By Stina Chyn | March 24, 2009

Unless Mary Poppins is there as project manager, tidying up life’s spills, stains, and clutter isn’t exactly a fun-filled activity. Picking up after death’s fluid imprints usually isn’t either. It’s dirty and dangerous, but someone’s gotta do it. To paraphrase what Rose Lorkowski (Amy Adams) tells her former high school classmates at a baby shower three-fourths of the way through Christine Jeffs’s darkish comedy, “Sunshine Cleaning” (2008), Rose and her younger sister Norah (Emily Blunt) enter the lives of people who have just had a profound experience in losing a loved one. Whether it’s self-inflicted or an accident, death leaves behind a mark that can be too much for the grieving to handle. Rose and Norah help lessen the stress and sadness involved in post-mortem sterilizing.

Pretty, perky, and delicate upon first glance, Rose doesn’t seem to be the crime-scene-cleaning type.

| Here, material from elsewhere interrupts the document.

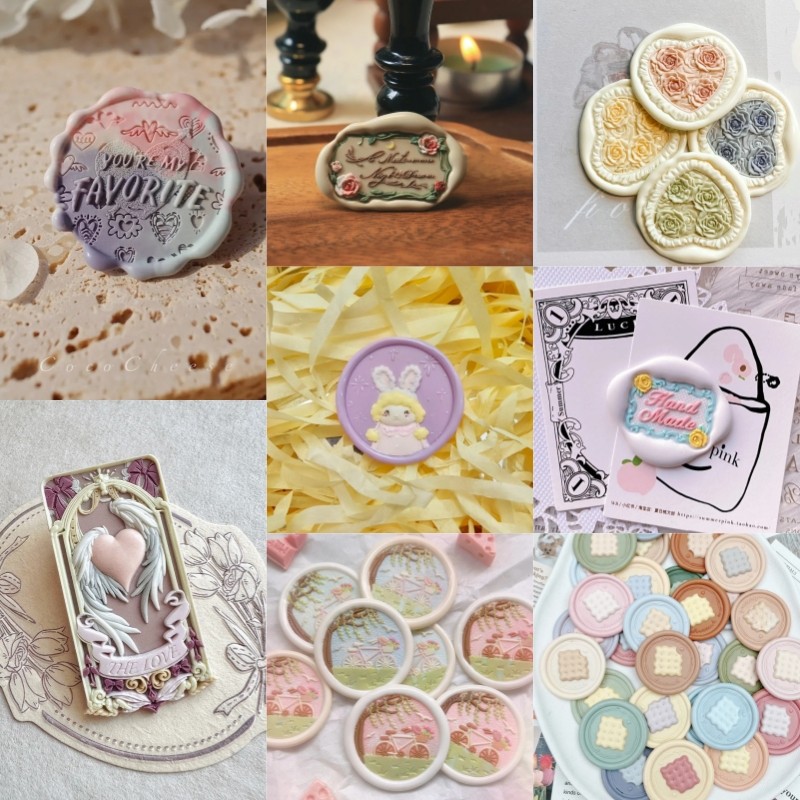 

3D embossed seal Head wax seal Stamp Head Multi-layer brass head Hand ledger Scrapbook card envelope seal Wedding invitation gif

She might work for a maid service, but dusting window treatments and televisions and removing blood spatter are two very different exercises. Norah, on the other hand, inhabits enough apathy and angst that it would make sense.

So, how is it that the Lorkowski sisters break in to the business of wiping down and disinfecting scenes of death? The primary motivation is that Rose’s seven-year-old son, Oscar (Jason Spevack), is too inquisitive and imaginative for the curriculum and staff at his school, but without the necessary capital, Rose won’t be able to afford to send him to private school. She can’t turn to her dad (Alan Arkin) or Norah — neither of them is financially stable enough to lend any money. Rose finds a solution through her very married lover, Mac (Steve Zahn), who was also her high school sweetheart. He is a detective with the local Albuquerque police department and suggests that she consider the lucrative world of making crime scenes spic-and-span. Rose teams up with her unemployed sister to form their own company.

For plot and character development and to create a sense of verisimilitude, “Sunshine Cleaning” includes scenes and montages on the equipment and paperwork needed to be lawful and efficient cleaners. The Lorkowski sisters master the protocol ropes very quickly from Winston (Clifton Collins Jr.), the owner of the neighborhood industrial cleaning supply store. By the time the film concludes, Rose and Norah have learned much more than the proper way to dispose of bio-hazardous materials and to endure the stench of human decomposition.

Beneath its morbid exterior, “Sunshine Cleaning” projects a tender portrait of how people help out others and seek a better life for themselves. When we first meet Rose, her self-confidence and prospects for a future she can be proud of are next to non-existent. The Lorkowskis are a family of potential waiting for the right moment to strike out into kinetic glory. Seeing them reap the rewards of determination and hard work is deeply fulfilling.